Opened 4 years ago
Closed 4 years ago
#1732 closed help (answered)
xconv still segfaulting
Reported by: | iwi | Owned by: | jeff |
---|---|---|---|
Component: | UM Tools | Keywords: | |
Cc: | Platform: | Other | |
UM Version: | <select version> |
Description
After it seemed that upgrading xconv to 1.93 fixes segfaults when opening some PP files from Met Office NWP, I have a report from a user regarding some cases where it is still segfaulting with 1.93. They are large files, but a test case with a much smaller, subsetted file produces similar issues.
Please see ~iwi/for-jeff/test_xconv.pp on oak, which contains the first 37 PP records from one of the problematic files.

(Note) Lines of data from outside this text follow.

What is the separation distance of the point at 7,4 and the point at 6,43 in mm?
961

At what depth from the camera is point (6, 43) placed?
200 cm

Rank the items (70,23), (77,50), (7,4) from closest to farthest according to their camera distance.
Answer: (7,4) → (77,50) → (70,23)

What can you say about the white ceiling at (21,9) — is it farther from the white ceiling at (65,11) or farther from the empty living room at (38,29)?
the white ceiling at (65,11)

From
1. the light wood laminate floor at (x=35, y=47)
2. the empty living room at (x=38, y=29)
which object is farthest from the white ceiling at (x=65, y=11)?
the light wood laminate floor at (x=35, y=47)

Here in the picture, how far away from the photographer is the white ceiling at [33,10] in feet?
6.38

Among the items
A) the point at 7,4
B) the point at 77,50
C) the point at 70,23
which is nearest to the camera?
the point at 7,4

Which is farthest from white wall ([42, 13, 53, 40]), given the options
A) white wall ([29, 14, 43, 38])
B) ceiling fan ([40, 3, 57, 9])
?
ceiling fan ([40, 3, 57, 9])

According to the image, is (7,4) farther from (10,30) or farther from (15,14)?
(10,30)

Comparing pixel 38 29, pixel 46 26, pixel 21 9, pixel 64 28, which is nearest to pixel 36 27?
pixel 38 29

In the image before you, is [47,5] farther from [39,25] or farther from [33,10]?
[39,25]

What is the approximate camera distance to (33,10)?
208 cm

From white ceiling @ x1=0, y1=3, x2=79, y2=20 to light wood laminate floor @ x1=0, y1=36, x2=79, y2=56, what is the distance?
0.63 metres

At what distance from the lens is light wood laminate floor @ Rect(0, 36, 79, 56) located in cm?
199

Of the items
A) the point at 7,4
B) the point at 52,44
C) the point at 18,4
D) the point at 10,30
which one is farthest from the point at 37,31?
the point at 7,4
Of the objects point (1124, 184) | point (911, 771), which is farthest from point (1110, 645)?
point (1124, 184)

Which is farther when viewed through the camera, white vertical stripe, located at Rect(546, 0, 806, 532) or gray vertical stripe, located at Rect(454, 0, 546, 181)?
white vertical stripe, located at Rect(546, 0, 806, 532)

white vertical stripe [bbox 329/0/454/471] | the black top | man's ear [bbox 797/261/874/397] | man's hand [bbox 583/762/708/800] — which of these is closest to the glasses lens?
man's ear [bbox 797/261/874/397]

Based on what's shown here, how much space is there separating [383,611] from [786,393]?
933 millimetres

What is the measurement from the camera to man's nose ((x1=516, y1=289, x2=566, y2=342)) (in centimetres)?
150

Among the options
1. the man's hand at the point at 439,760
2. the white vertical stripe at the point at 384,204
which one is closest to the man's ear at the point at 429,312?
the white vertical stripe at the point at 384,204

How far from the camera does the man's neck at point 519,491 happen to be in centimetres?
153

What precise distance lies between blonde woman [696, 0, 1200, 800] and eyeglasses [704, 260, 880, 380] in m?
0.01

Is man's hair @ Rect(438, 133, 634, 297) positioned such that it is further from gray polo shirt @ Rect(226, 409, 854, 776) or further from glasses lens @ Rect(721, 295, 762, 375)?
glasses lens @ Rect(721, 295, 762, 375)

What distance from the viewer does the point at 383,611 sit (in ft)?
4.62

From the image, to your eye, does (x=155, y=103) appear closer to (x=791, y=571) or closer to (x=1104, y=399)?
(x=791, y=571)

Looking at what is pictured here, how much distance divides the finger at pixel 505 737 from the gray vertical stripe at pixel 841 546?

It opens okay into cf-python (on another system - I couldn't find cf-python on oak):
>>> cf.read("test-xconv.pp") [<CF Field: eastward_wind(model_level_number(25), latitude(1152), longitude(1536)) m s-1>, <CF Field: eastward_wind(model_level_number(2), time(3), latitude(1152), longitude(1536)) m s-1>, <CF Field: northward_wind(time(2), model_level_number(2), latitude(1153), longitude(1536)) m s-1>, <CF Field: UM_m01s01i230_vn805(latitude(1152), longitude(1536)) >, <CF Field: UM_m01s01i231_vn805(latitude(1152), longitude(1536)) >]
In xconv, it segfaults - and not only that, but it does not do the same thing consistently. On oak, it sometimes segfaults without a stack trace and sometimes with a stack trace. On another system (on JASMIN at CEDA) it varies about whether it segfaults on opening or on exit, and on whether there is a stack trace or not; and sometimes it opens but the information in the field list is corrupted (see screenshots). Something nasty seems to be happening with uninitialised values.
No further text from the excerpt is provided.